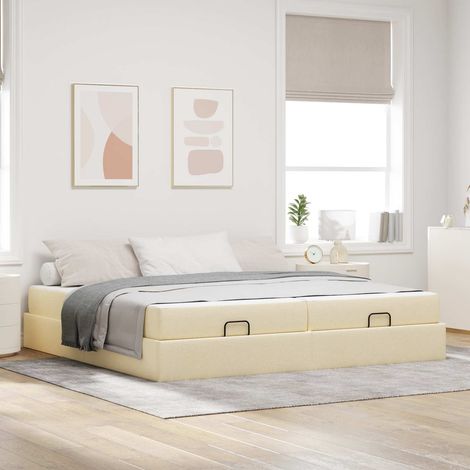 Bettgestell mit Matratze mit Matratze 2 pcs Creme Stoff (1/5)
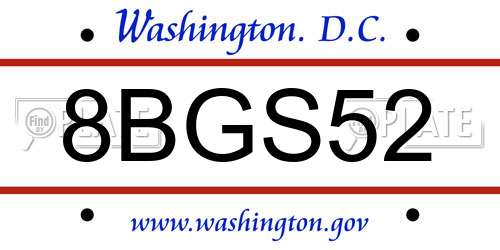 8BGS52 District Of Columbia License Plate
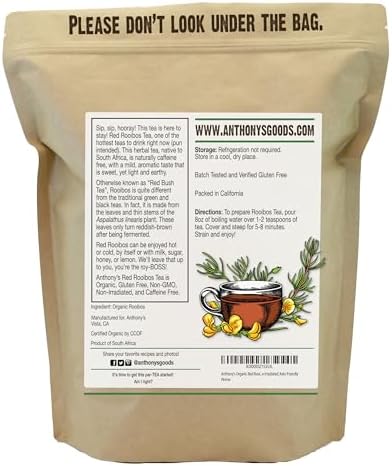 Anthony's Organic Red Rooibos Loose Leaf Tea, 1 lb, Gluten Free, Non GMO, Non Irradiated, Keto Friendly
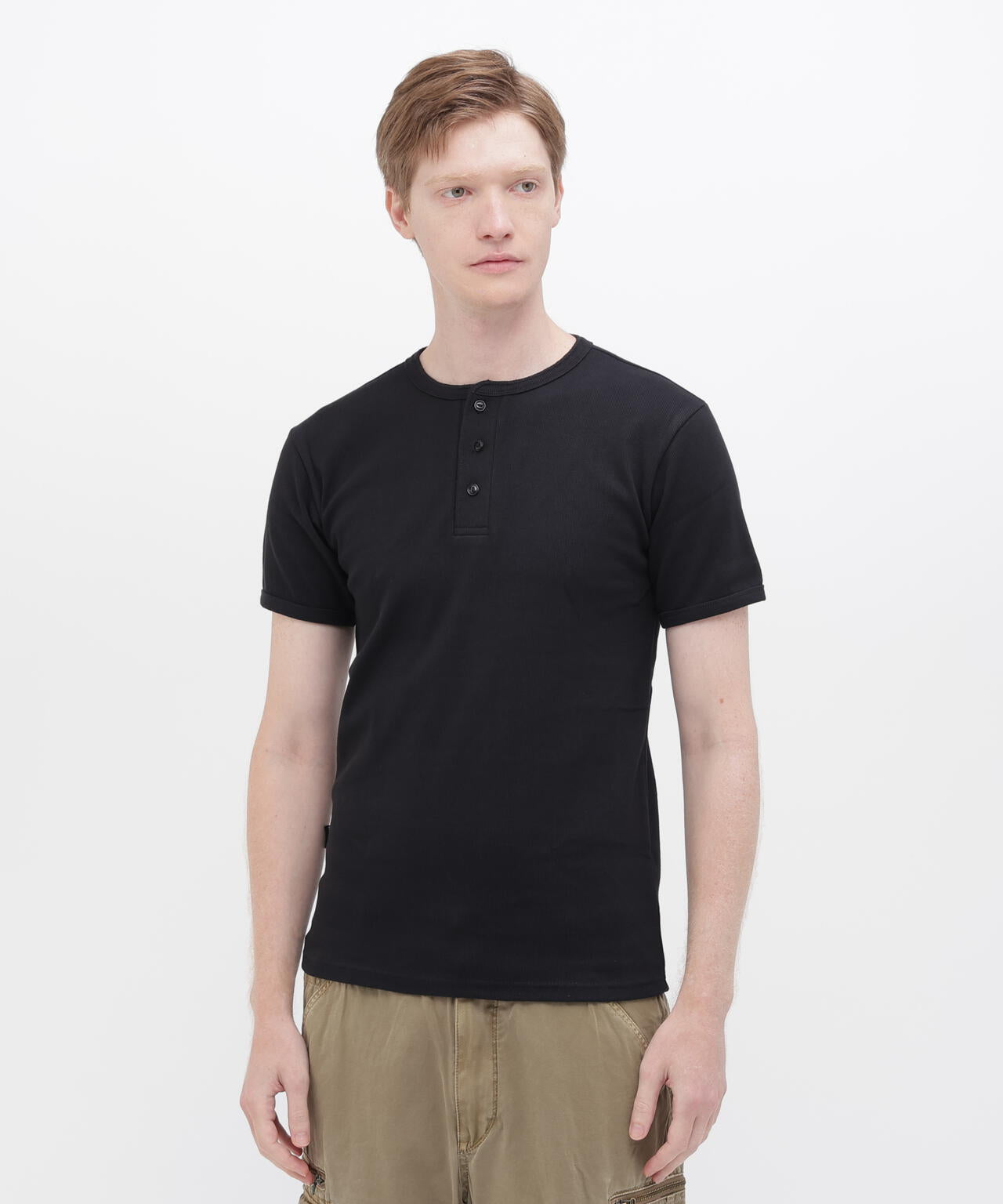《DAILY/デイリー》RIB S/S HENLEY NECK T-SHIRT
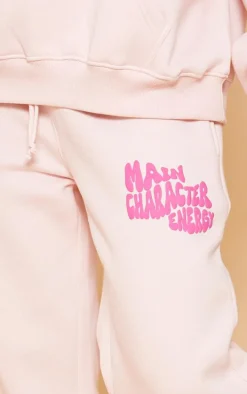 Baby Pink Oversized Main Character Energy Puff Print Wide Leg Sweatpants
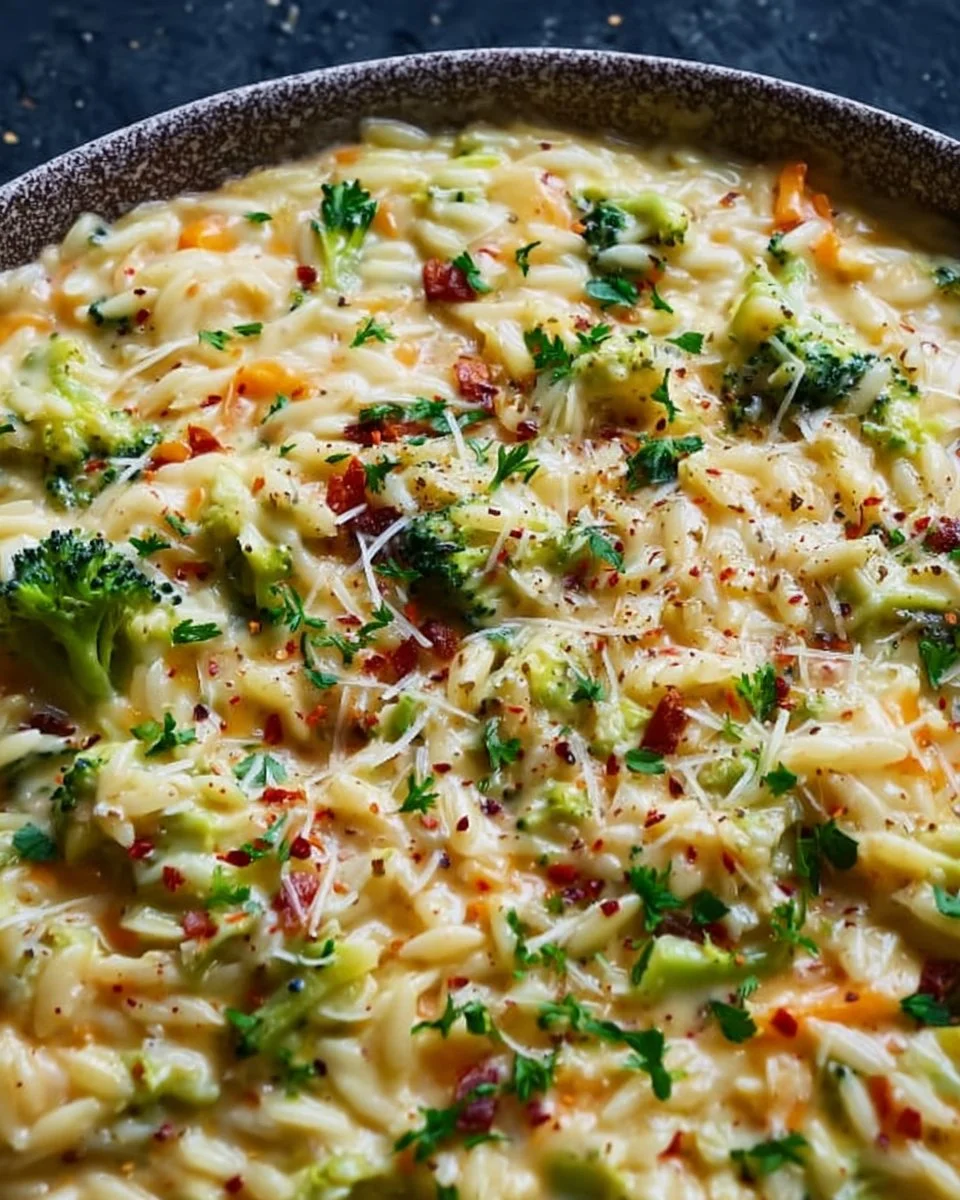 Creamy Broccoli Cheddar Orzo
■ ■ ■ ■ ■
§ **TASK STATEMENT**
When you print the records above, keep them exact and leave out the pictures.

§ **RESULT OF THE EXERCISE**
 Bettgestell mit Matratze mit Matratze 2 pcs Creme Stoff (1/5)
 8BGS52 District Of Columbia License Plate
 Anthony's Organic Red Rooibos Loose Leaf Tea, 1 lb, Gluten Free, Non GMO, Non Irradiated, Keto Friendly
《DAILY/デイリー》RIB S/S HENLEY NECK T-SHIRT
 Baby Pink Oversized Main Character Energy Puff Print Wide Leg Sweatpants
 Creamy Broccoli Cheddar Orzo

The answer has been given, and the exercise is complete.